__SOURCE MATERIAL__
────────────────────

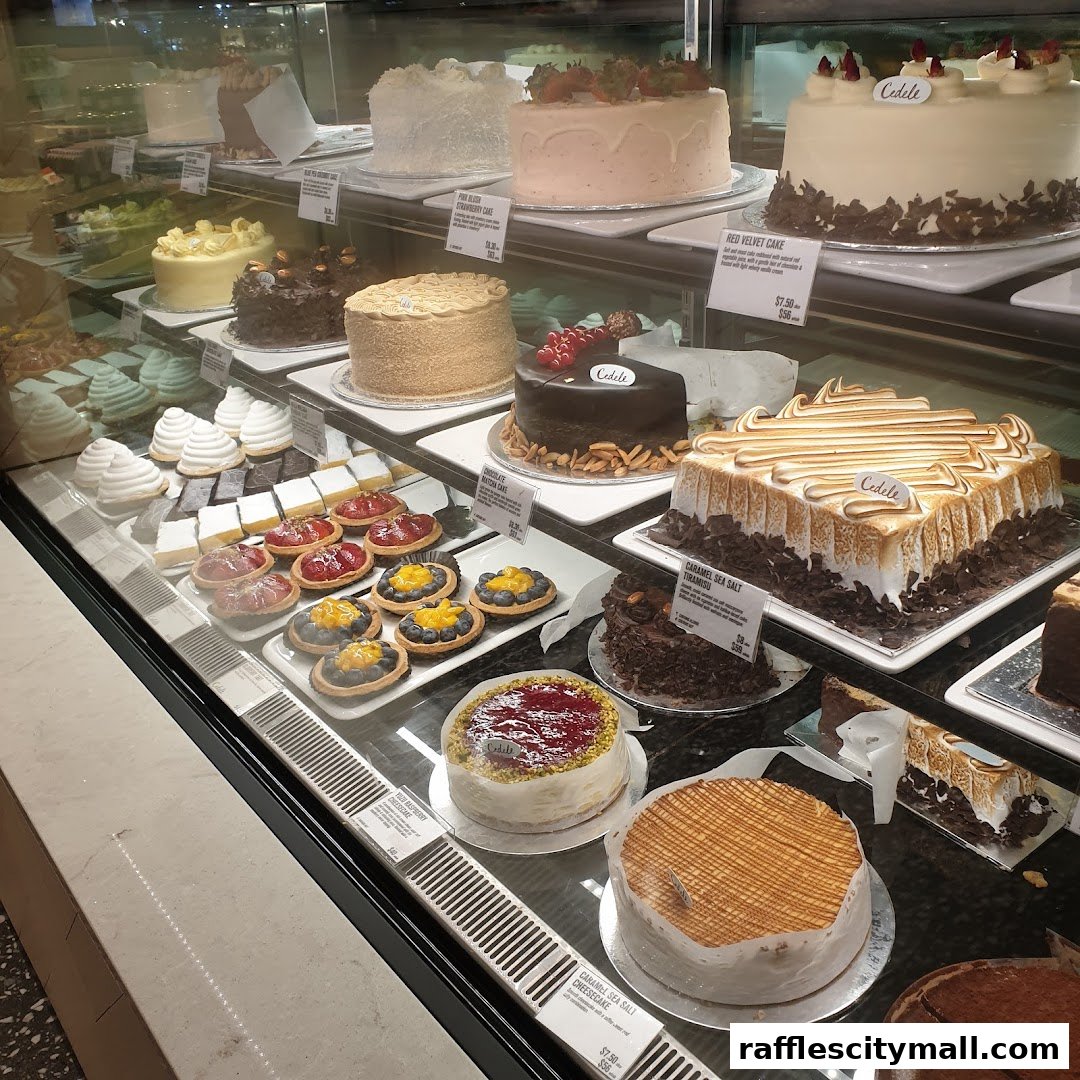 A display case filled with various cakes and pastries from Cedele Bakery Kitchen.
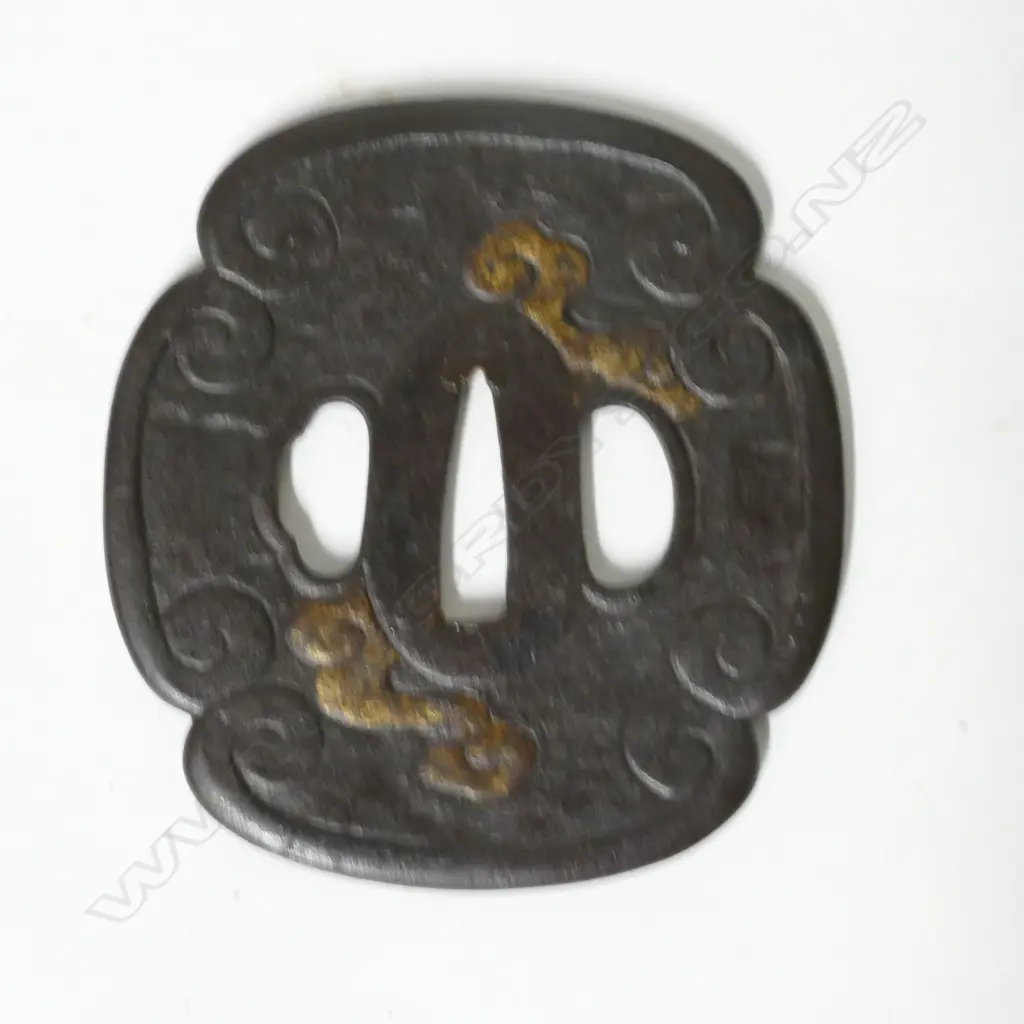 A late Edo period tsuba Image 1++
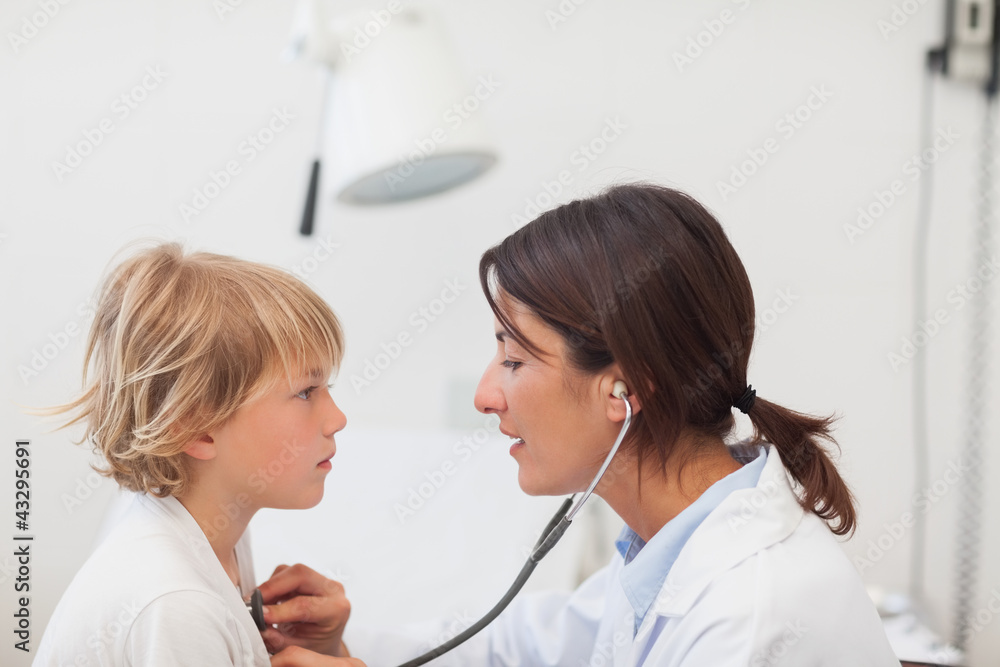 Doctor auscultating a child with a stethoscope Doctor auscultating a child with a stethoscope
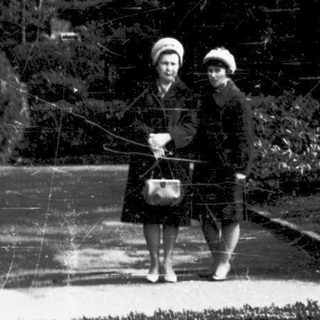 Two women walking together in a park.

────────────────────

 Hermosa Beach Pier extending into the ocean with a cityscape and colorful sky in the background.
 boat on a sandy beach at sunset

────────────────────

__TASK GOAL__
Transcribe, word for word, the lines of the listing above from the one that contains "A display case" through the one that contains "Two women walking together in a park.", keeping both ends and dropping the pictures.

__TASK RESPONSE__
 A display case filled with various cakes and pastries from Cedele Bakery Kitchen.
 A late Edo period tsuba Image 1++
 Doctor auscultating a child with a stethoscope Doctor auscultating a child with a stethoscope
 Two women walking together in a park.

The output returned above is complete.